### EXERCISE DETAILS
Once you reach the line containing "Digital clipart - Camping" in the data below, restate each line word for word up to and including the one containing "Christmas jewelled gold".
(SOURCE DATA)
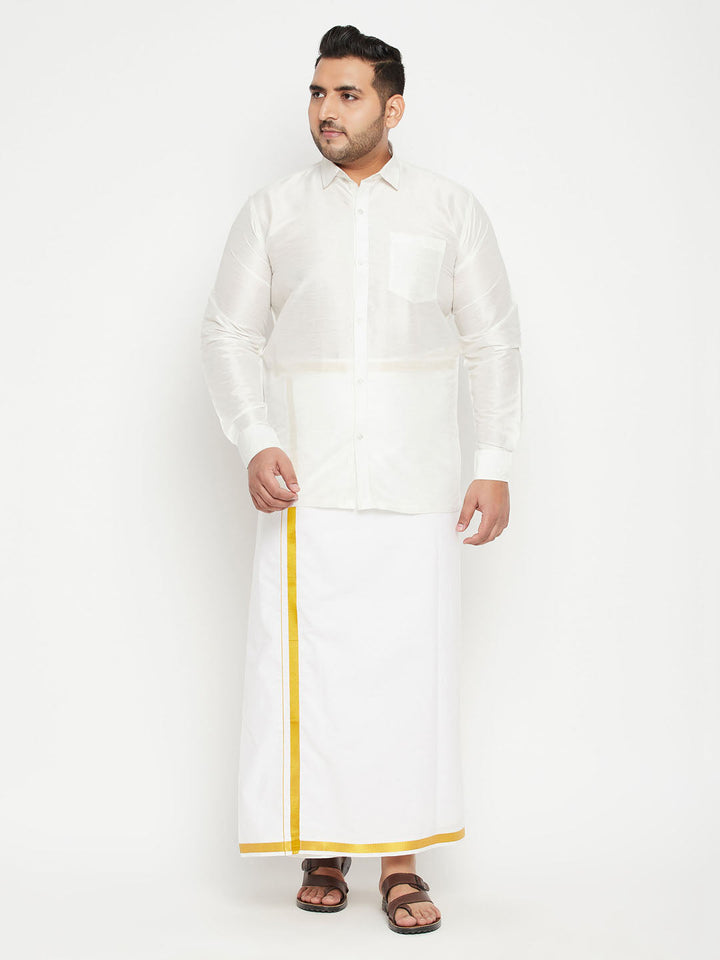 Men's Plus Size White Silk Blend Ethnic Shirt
(End SOURCE DATA)
(SOURCE DATA)
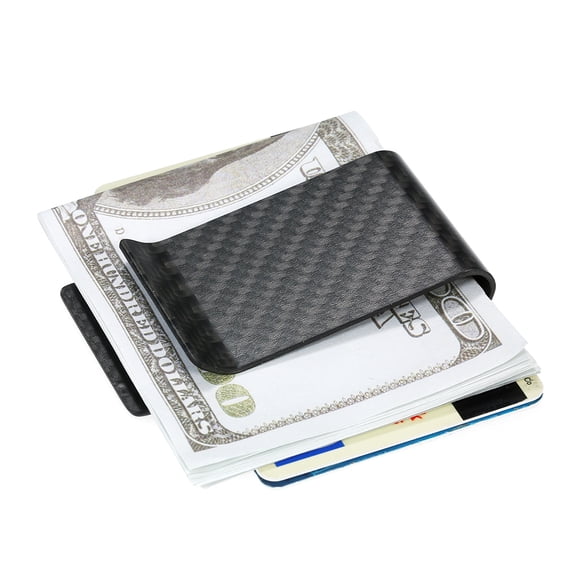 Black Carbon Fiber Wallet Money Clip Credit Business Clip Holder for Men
(End SOURCE DATA)
(SOURCE DATA)
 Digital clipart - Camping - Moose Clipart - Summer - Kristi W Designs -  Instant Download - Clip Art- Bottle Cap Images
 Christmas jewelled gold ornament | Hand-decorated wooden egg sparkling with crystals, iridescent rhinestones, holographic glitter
(End SOURCE DATA)
### SOLUTION TO THE PROBLEM
 Digital clipart - Camping - Moose Clipart - Summer - Kristi W Designs -  Instant Download - Clip Art- Bottle Cap Images
 Christmas jewelled gold ornament | Hand-decorated wooden egg sparkling with crystals, iridescent rhinestones, holographic glitter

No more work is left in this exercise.